Criteria for considering studies for review

We followed a systematic approach to develop the sample for this study. We sought clinical trials that evaluated one or more pharmacological interventions proposed to improve cognitive or functional outcomes in participants with a diagnosis of Alzheimer’s disease (any stage and diagnostic criteria). We included ongoing and completed phase II and III randomized clinical trials, irrespective of their publication status. We excluded studies on acetylcholinesterase and memantine because they had already been analyzed and our review focused on the most recent interventions for Alzheimer’s disease, aimed at slowing the natural progression of the disease. We excluded studies testing non-pharmacological interventions (e.g. herbal and natural products, dietary intervention, rehabilitation, cognitive-behavioral approaches), diagnostic tools (biomarkers), or interventions not addressing patients (e.g. caregivers). We also excluded phase I and I/II studies assessing toxicity or optimal doses.

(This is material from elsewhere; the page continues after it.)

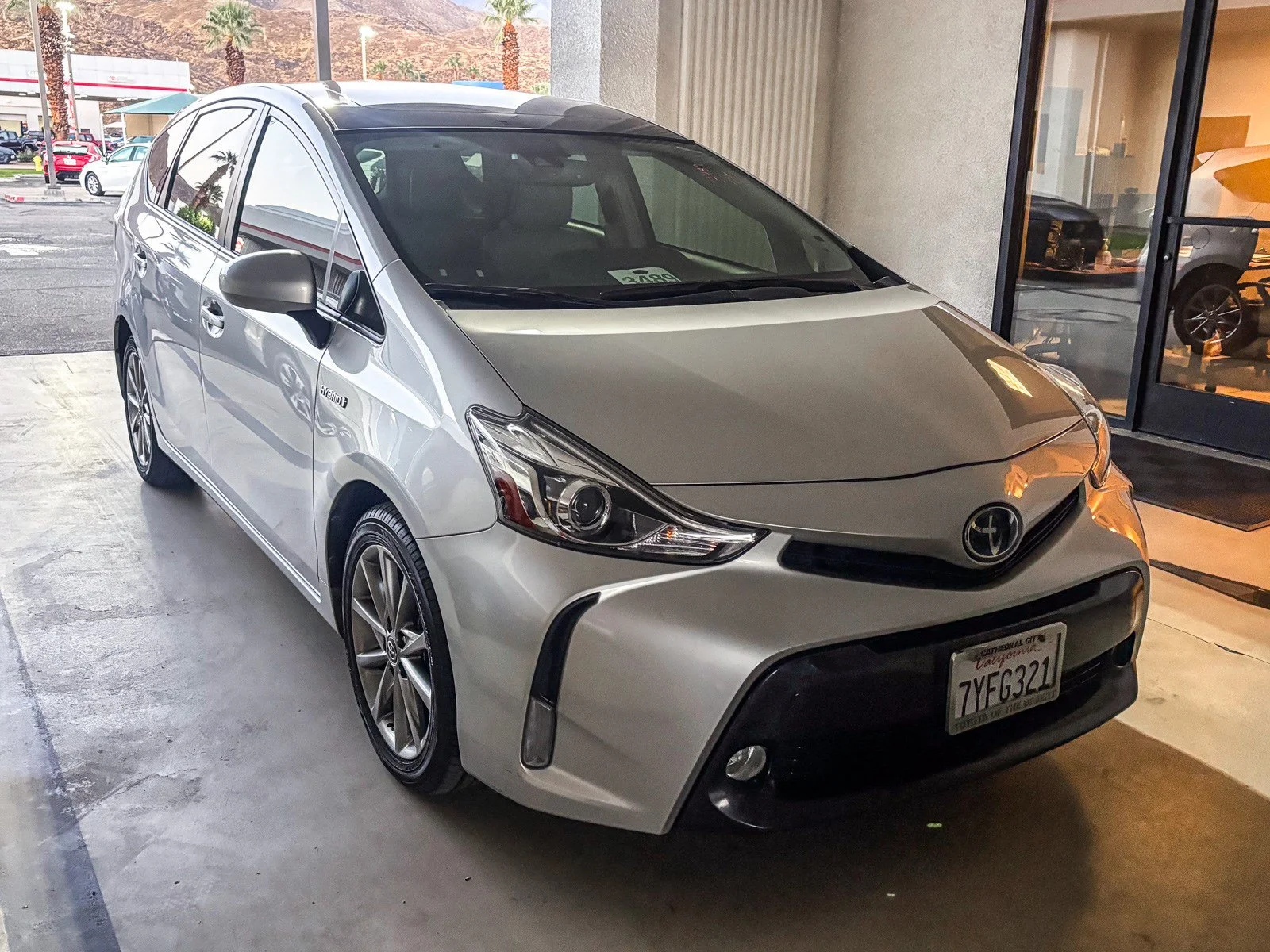 2017 Toyota Prius v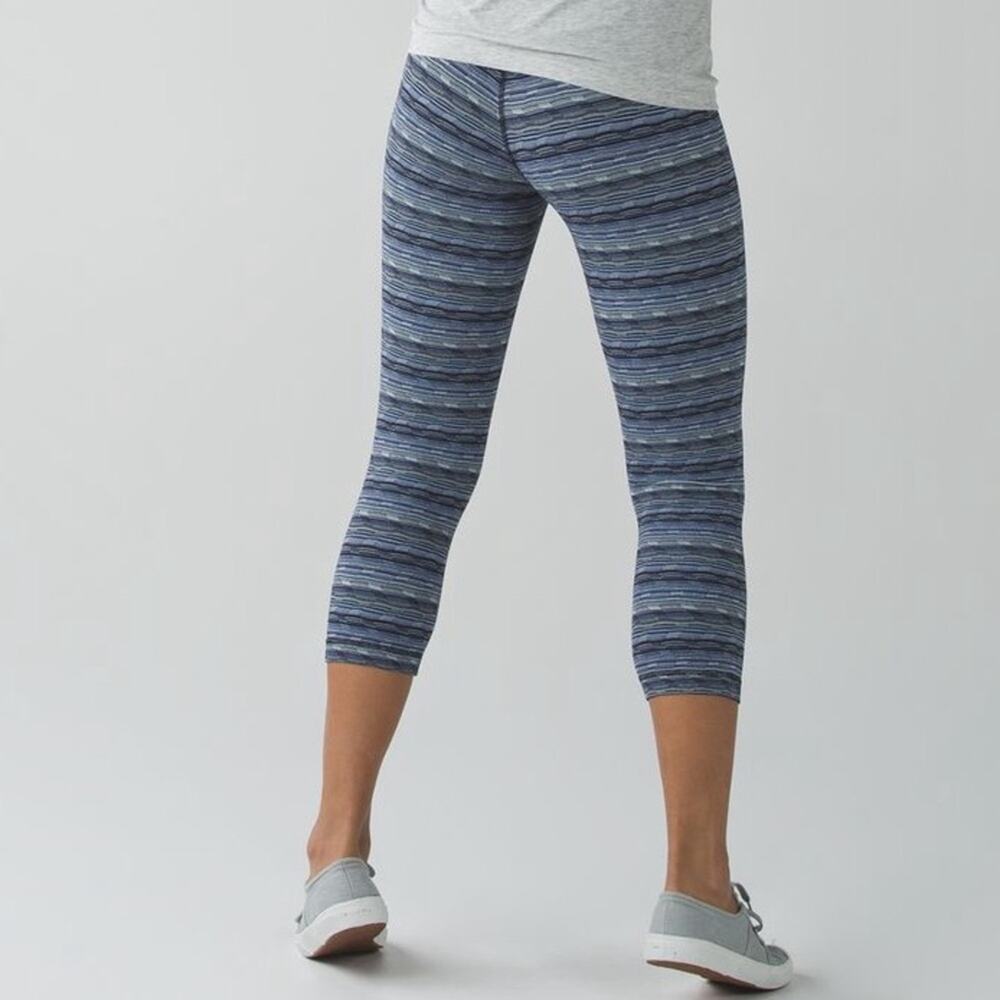 Lululemon Women’s Wunder Under Crop III Size 4 Space Dye Twist Sapphire Blue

Finally, we excluded studies testing drugs to prevent the onset of Alzheimer’s disease in subjects with no or mild cognitive impairment.

Identification of studies

To identify eligible studies, we systematically searched literature databases (MedLine, EMBASE, the Cochrane Library) and the trial registry ClinicalTrials.gov from 2000 to July 2015. We also searched the proceedings of the main international conferences in the field of Alzheimer’s disease during the same period. Additional file 1 reports details of search strategies.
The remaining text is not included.